Royal Enfield launches Himalayan bike at Rs 1.55 lakh


Bajaj's entry into the fast growing 350cc-plus motorcycle market has not worried market leader Royal Enfield.

"When one succeeds in a segment, others try to enter and take a bite. Of course, there will be competition but we are not worried," Siddhartha Lal, managing director and chief executive officer of Eicher (the owner of Royal Enfield) told this newspaper.

Bajaj launched the Dominar, a 373cc premium sports motorcycle, in December at Rs 1.36 lakh. Rajiv Bajaj, managing director, said at the launch that the company was entering a "segment that has an existing tall leader (Enfield)".

"This segment is not open for anyone to simply enter and walk away with the market. One has to be the opposite of what the market leader is," he added.

Listing design, performance and price as three critical factors for any motorcycle, Bajaj said the Dominar would create a differentiation in all three. Delivery of the Dominar started in January, when the company sold 3,000 units. The company hopes to sell 4,000 units in February and then gradually take it up to the stated monthly target of 10,000 units by September.

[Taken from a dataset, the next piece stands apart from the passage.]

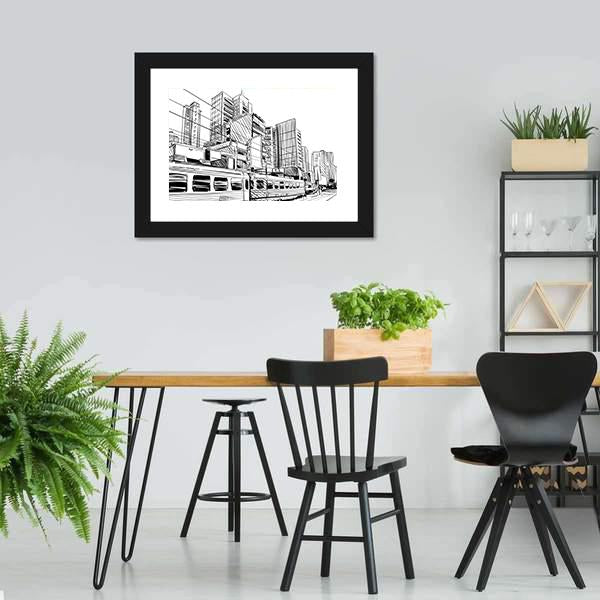 China City Sketch Canvas Wall Art-3 Horizontal-Gallery Wrap-25" x 16"-Tiaracle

Lal, whose company sells 48,000 motorcycles a month, including the iconic Bullet, said Enfield had 95 per cent of the 350cc-plus motorcycle market. "It is important for us to grow the size of the market. If others want to grow it, it is good," he adds.

The country has seen the entry of premium global two-wheeler entities Harley-Davidson and Triumph in recent years but their volumes remain tiny as compared to Enfield. Harley sells about 280 units a month; Triumph does 90. Luxury car maker BMW is working on a powerful sports bike with TVS Motor, which could be launched later this year.

The Eicher chief said Enfield offers a typical style of motorcycle which is not for all. "People who like us will come to us. We will continue to work on the brand, retail and marketing. People who are part of the Royal Enfield family continue to stick to the brand. They like what we do after we sell them the motorcycle," he said, referring to the rides and activities around the brand.

Lal said the company was adding about a 100 sales outlets yearly for reaching more and more buyers, especially in tier-III towns. The current store strength is 650. Enfield was among a few two-wheeler makers which continued to grow sales even after currency demonetisation. Its motorcycles have a waiting period of two to three months, with its plants at full capacity. The company is investing to set up another factory that will almost double the annual capacity to 900,000 units by 2018.